Scendendo lungo il corso del ruscello in secca troviamo ancora i segni di acque furenti che copiose hanno lambito quella gola incidendola ed esponendo schegge d'ossa della madre terra, simili in tutto e per tutto a quella su cui fu inciso l'epitaffio in morte di Giorre[3]. Torniamo, in salita, sui nostri passi e poco vicino all'origine di quell'universo mondo notiamo un cumulo di terra dal quale a tratti spuntano lembi di grosse pietre. Il cumulo non sembra naturale ma null'altro possiamo avanzare, benché ci piaccia pensare che li sotto possano riposare i resti di Giorre. Forse non è così; forse Giorre fu trasportato via, assieme alla sua lapide, dalla furia dell'acqua; ma siamo fiduciosi del fatto che questo luogo isolato dal resto del mondo, un tempo ospitò i resti mortali di un uomo di nome Giorre morto alla bella età di 110 anni. Non fu sepolto assieme ad altri e lasciato all'oblio che il tempo impone. Fu tumulato lui, solo, nel punto d'origine dell'universo mondo perché la sua condizione di santità lo avvicinava al suo dio, al quale aveva dedicato l'intera sua vita e ne portava il nome della sua manifestazione terrena: יאר
***
Conclusioni
   Siamo partiti da lontano, molto lontano, con pochissimi indizi che si sono rivelati punte di icebergh. Forse qualche considerazione potrà far storcere il naso agli addetti ai lavori; coloro che sono competenti in materia, ognuno nella propria disciplina. La mia vuole essere (spero lo sia) una lucida analisi dei dati ricevuti dal Prof. Sanna e letti alla luce di dati certi o presunti tali dalla scienza e dagli eruditi. Il mio vuole essere un contributo il più possibile esaustivo, che appare chiaramente di matrice tecnica, per la quale l'asintoto ne prefigura una traiettoria che tende alla precisione matematica. Probabilmente dal punto di vista antropologico ciò non è vero fino in fondo, essendo l'uomo capace di inventiva che esula dal raziocinio e sfocia nella fantasia e in un credo che ammette cieca obbedienza a logiche diverse da quelle rigide della ragione.

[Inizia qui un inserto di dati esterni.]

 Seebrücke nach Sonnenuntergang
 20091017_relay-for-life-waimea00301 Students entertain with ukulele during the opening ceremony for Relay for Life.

    Ma, alla luce di ciò che andiamo scoprendo della civiltà nuragica, abbiamo fiducia di non essere troppo lontani dal vero. Il binomio luce-acqua è sempre più evidente nelle manifestazioni e nei templi della civiltà nuragica ed il pozzo di Sant'Anastasia di Sardara ne è un esempio lampante e Giorrè di Florinas, pure.


   E' probabile che il motivo che indusse il sincretismo da parte della religione cattolica nei confronti di un rito "pagano" sia la semplice assonanza tra nome del Santo cristiano e la parola semitica.

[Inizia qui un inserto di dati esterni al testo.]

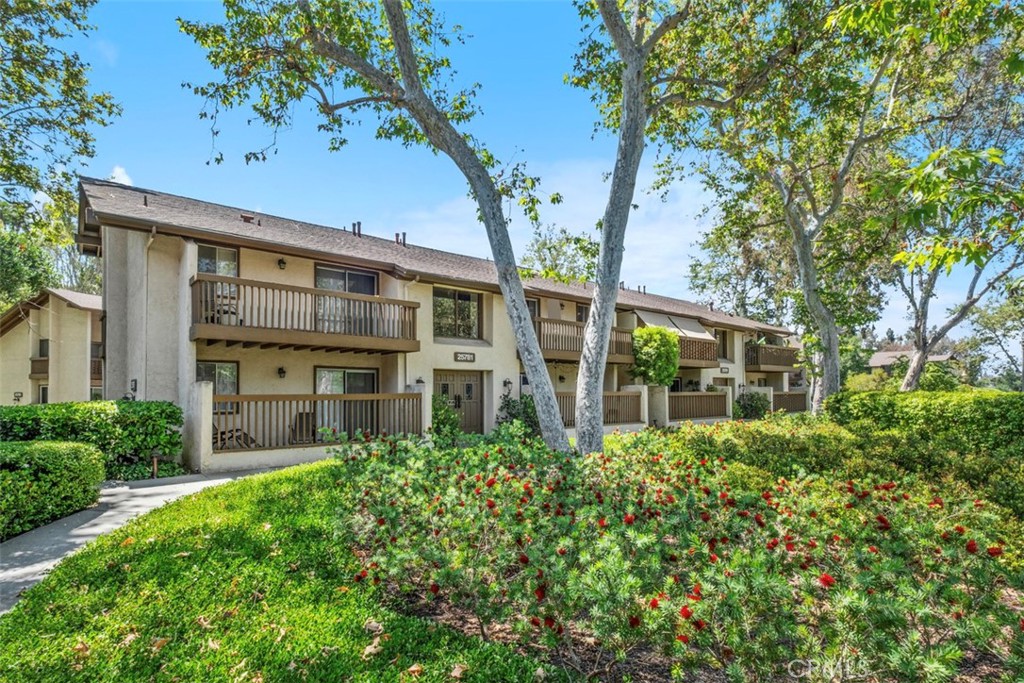 25781 Marguerite F202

  Un rito che auspicava i benefici vitali dell'acqua sorgiva e della luce viene espropriato ed "esorcizzato", liberandolo dal "male pagano" chiedendo l'intervento del Santo salvatore Giorgio; che nel rito ancestrale pareva fosse evocato quale sorta di alter ego demoniaco di questo santo: יאר  jor. Lo stesso identico sincretismo adottato nel pozzo sacro di Sant'Anastasia di Sardara.
***
   Alla fine di questa lunga trattazione abbiamo studiato la parte meno indagata della lapide di Allai. Abbiamo cercato un possibile significato di quel GIORRE UTU URRIDU, che ha rivelato forse un aspetto importante del rito legato ad acqua e luce e che potrebbe far emergere dalla nebbia dell'oblio un pezzo di storia Sarda. Le conclusioni estrapolate possono soddisfare alcuni, altri meno; ciò non di meno vogliamo terminare questo articolo cercando di strappare un sorriso al paziente lettore che fin qui ci ha seguito, concludendo con un pensiero per mezzo di cose.

   Rimembrando l'Eco del pendolo, mi sovviene lucida immagine di tal devoto, erudito quel che basta che, pellegrino appropinquante le sacre reliquie per render omaggio al sant'uomo votato, leggea in sardonico pensiero, supra il litico omaggio del di lui ultimo stabile dominio: “Qui giace Giorre morto per uno starnuto”.


[1]    Si noti che Villa Sant'Antonio fu ufficialmente riconosciuto come villaggio solo nel 1720 col nome di Villa Sant'Antonio de Funtana Coberta.
[3]    Troviamo, disseminate nel terreno lastre di pietra stratificata simili a quella ritrovata ad Allai.